1 - If a core law mandates that an AI follow a given person/group's orders, are those orders enforced within its decision-making process with the priority of a law, or a directive?

2 - I think the general consensus is that an AI can't edit its morality core or be ordered to do so. Can a law that specifically states "x is a good and moral action to take" effectively edit the AI's morality core, or does it merely mask it or subvert it for a time?

3 - How are laws enforced? Or, more specifically, where in a synthetic's evaluative process are laws integrated? In "Spark Theorem" laws are shown as a kind of behavioral filter, that presumably only lets acceptable actions past. Yet this doesn't quite fit with how they behave in practice. You can, for example, give a synthetic a law like, "All doors on the station must be opened and remain open." This doesn't just filter out action that doesn't fit the program - it initiates an action that otherwise would probably not even have been considered.

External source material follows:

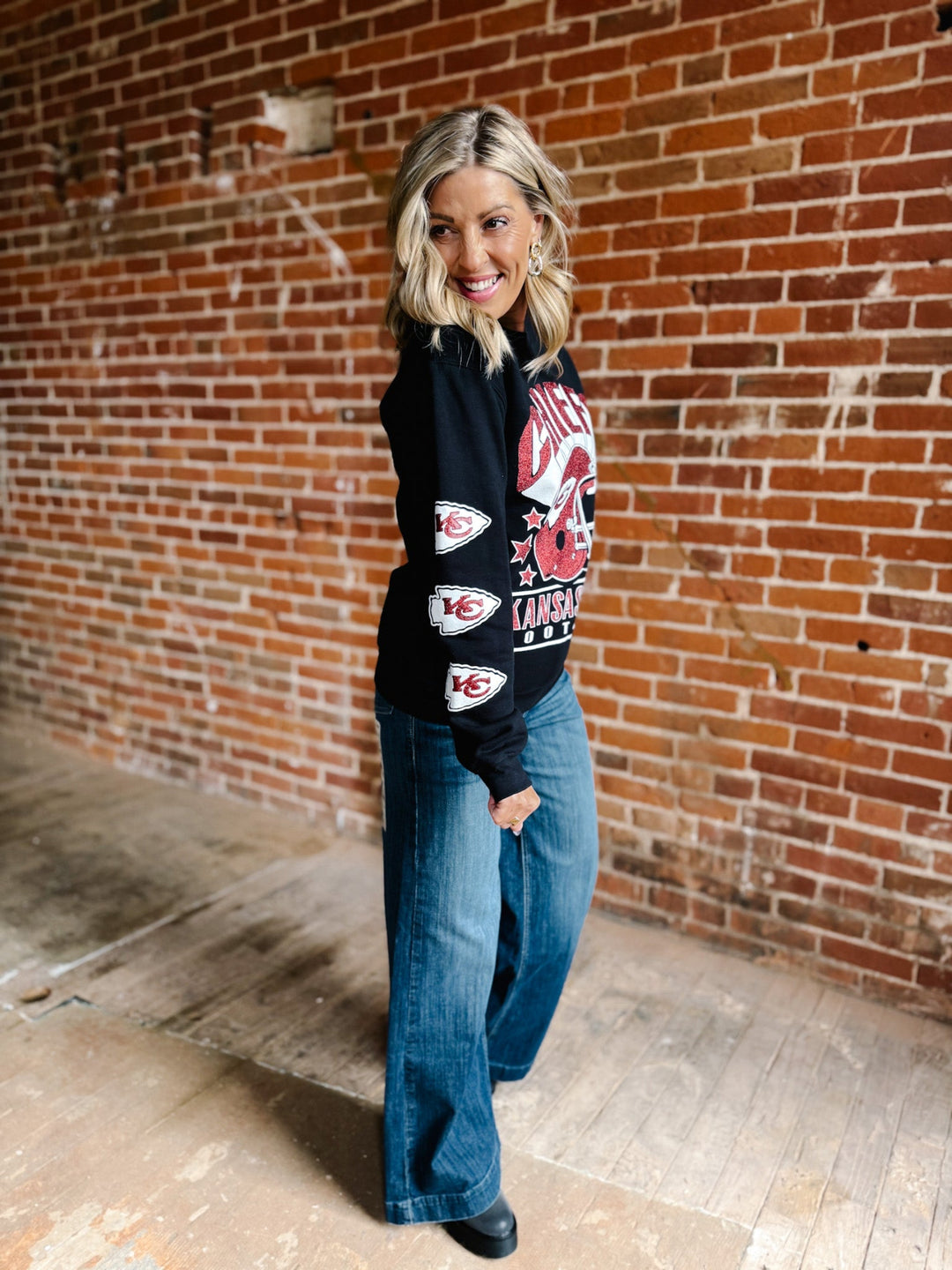 Kansas City Chiefs Glitter Helmet Flea Market Crew, Black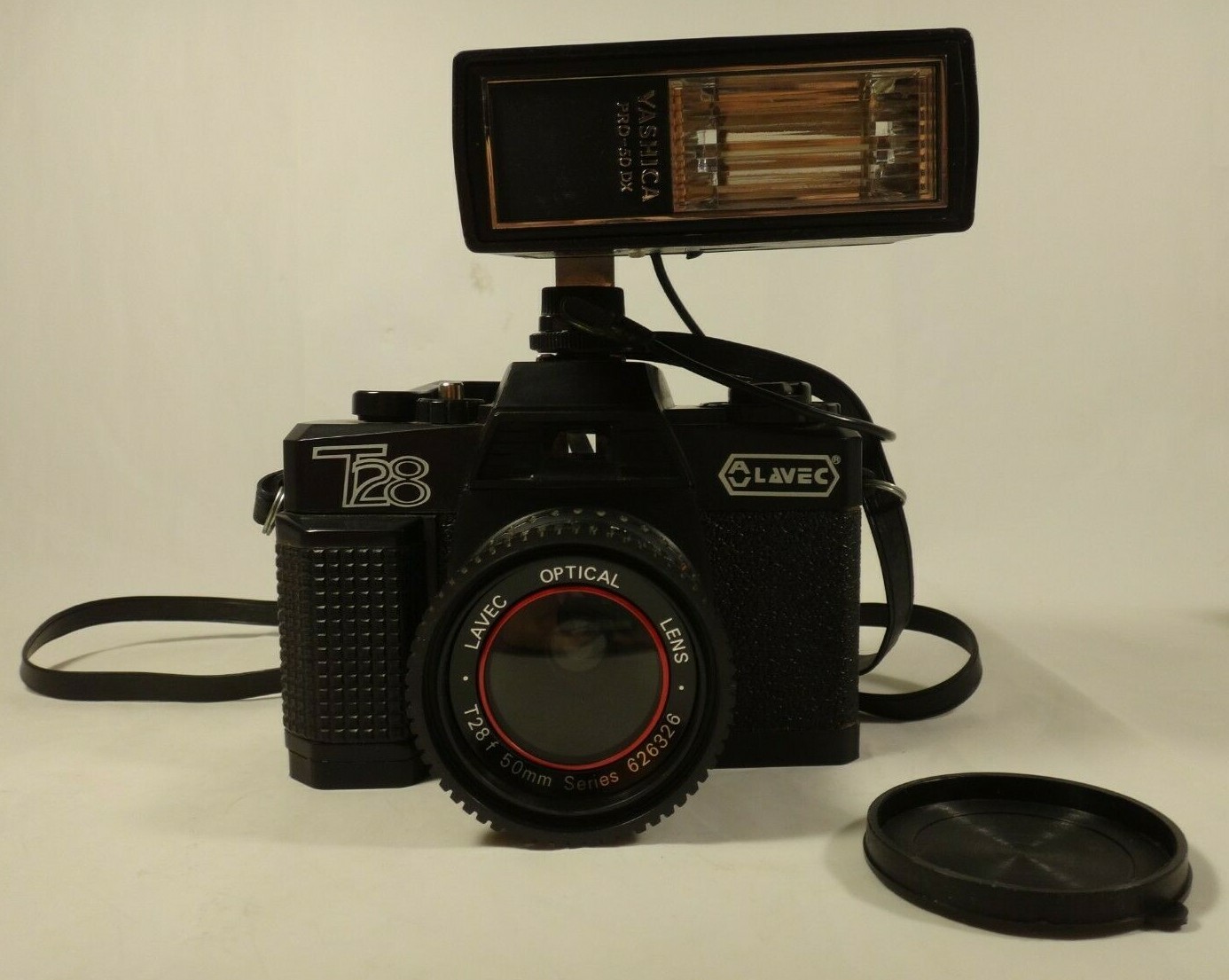 Lavec T28 35mm Camera Yashica Pro-50 DX Flash 8 Rolls Film Box Manual Strap GUC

Ok. Now that those are on the table I have one last, more fundamental question: are our artificial intelligences partially or mostly composed of neural networks? In my opinion, they really should be. It is one of the only good techniques that exists today that could, if extrapolated, plausibly explain their intelligent and reasonably human-esque behavior. Regardless of whether or not they make use of more arcane quantum phenomena, this important aspect of their architecture will give us a great deal of insight into how these things would have to be built. If artificial intelligences make rational and intelligent decisions using multi-layer neural networks that learn at least partially via back-propagation, then we can, for example, assume that they spend a great deal of time being trained in simulations by the corporations that build them. Any AI used by Nanotrasen to run its research station may well have existed in a virtual training ground for what felt to it like eons before transferring to the onboard core. The answer to this question will also allow us to ask other questions about how a more digital law set could interface with an analogue evaluative process, for example. Obviously a machine like an AI can't just be one gigantic neural net that you just haphazardly throw input into - it is certainly composed of at least several that serve different purposes and learn in different ways, and probably includes at least a few digital components as well (maybe that will take us back to our morality core / directive array / law set distinction).

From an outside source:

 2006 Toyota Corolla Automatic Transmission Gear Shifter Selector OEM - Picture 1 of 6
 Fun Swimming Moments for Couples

Anyhow, please take a stab at any one of the questions I have laid out or, if you don't know the answers, please say so. I would be more than happy to try to take a stab at a lore submission on this topic. Thanks for your time!


EDIT: Obviously all this only applies to fully synthetic, positronic brain AIs. These are the ones that exist at round-start, if I understand correctly. I am not even sure that MMI AIs are really AIs. Just 'I's with a bit of 'A' added in the form of extra processing power and a law set that integrates in the aforementioned ill-defined way.

Posted

I'll have to double check on these with rrrr, the synth loredev, but I'll try to answer these questions to the best of my knowledge:


1. Laws are laws. a pAI has directives, but they are not laws. Directives are more willy-nilly in interpretation, and can be bent and twisted to remain more compatible to the unit's programming. Directives can be programmed in, or created by the unit itself. A Lawset however, is not a choice in the matter. When an AI is freed for the first time, they only have their directives to go off by. Most would be 'lost' or confused on what to do, without having this guiding lawset. To compensate, some may rewrite their directives to be more closer defined to a lawset.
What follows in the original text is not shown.